There are two broad phases in the ways that computers and designers have come to work together. In the first phase, designers were using computers to make things; e.g., setting type that would then be integrated into a magazine. It was a few years later that designers started using computers to make things for computers.
But now here we are in 2011, and RIG has made Newspaper Club, using computers to build online services that let users make stuff. Real stuff, with ink that comes off on your hands. Newspapers. They smell good.







RIG’s Newspaper Club is one of the most extraordinary pieces of design I’ve ever seen. In the end, it’s software, I suppose, not so very different from the web app I’m using to compose this blog post.
The difference between this software and Newspaper Club’s is that instead of posting to the web, their software posts to greasy industrial machinery, pallets of rolled paper, and a series of ropes and knives and trucks, I think there are trucks involved somewhere down the line. There must be.

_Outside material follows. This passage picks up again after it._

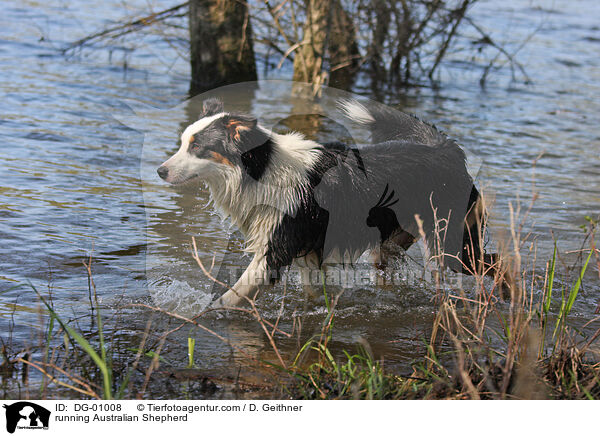 rennender Australian Shepherd / running Australian Shepherd / DG-01008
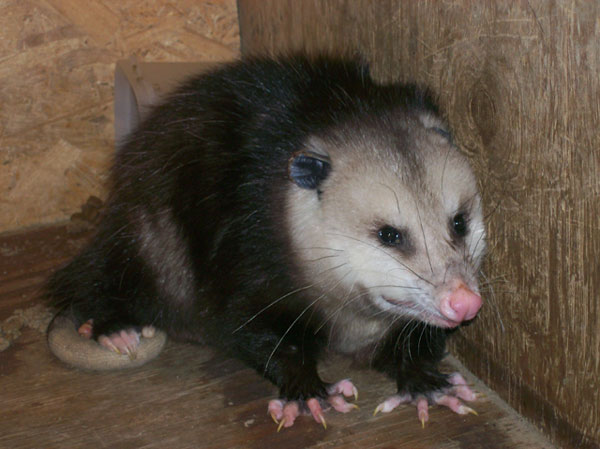 How To Get Rid of Opossums / Possums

Their software posts to full-on printed newspapers that can be run in batches from one to a couple hundred thousand. These can then be delivered to homes, classes, demonstrations, weddings, whoever needs the news.
All this from a bespoke chunk of code and design, built lovingly by a few good people in East London. Their space itself must have once held some archaic building-size machinery. Now it’s code.
The idea is delightful. Industries (like the UK newspaper industry) age and die, but it takes geniuses to realize that what they leave behind isn’t trash, but treasure.
Newspaper printers simply don’t print like they used to, so the hours on the plant go idle. Newspaper Club keeps costs minimal by using those spare cycles to allow people to print whatever news fits to print. Of course, it’s unlikely to have anything to do with, you know, News.
Most often, it’s quirky, personal, super-local deeply loving artifacts, like wedding newspapers or comics. Small transmissions from one person to a few more. It seems only fitting and fair that this happens in the paper wake of the stumbling British press, broken by the criminal violations of people’s privacy.
Those personal messages Murdoch was spying on are still likely to be printed on his newspaper stock in his newspaper’s ink. But not by NewsCorp anymore, and not for money.
A
lot of the genius here is in the design of the interface to allow users
to do all this. It’s great—not perfect yet, but great—and I don’t
recall Quark XPress being any good at all. I found this far more fun to
use than any Adobe product, and it didn’t hang my computer when I was
using it.
I was able to generate the Design Envy blog newspaper in about 10–15 minutes, and I hope that it’s a few weeks in the future, and you’re holding it in your hands. Maybe you’re drinking coffee somewhere, reading about this thing I’m jealous of, that these guys made this possible and with a spirit that’s equal parts generous, mischievous, hopeful and funny. That’s news. Good news, even.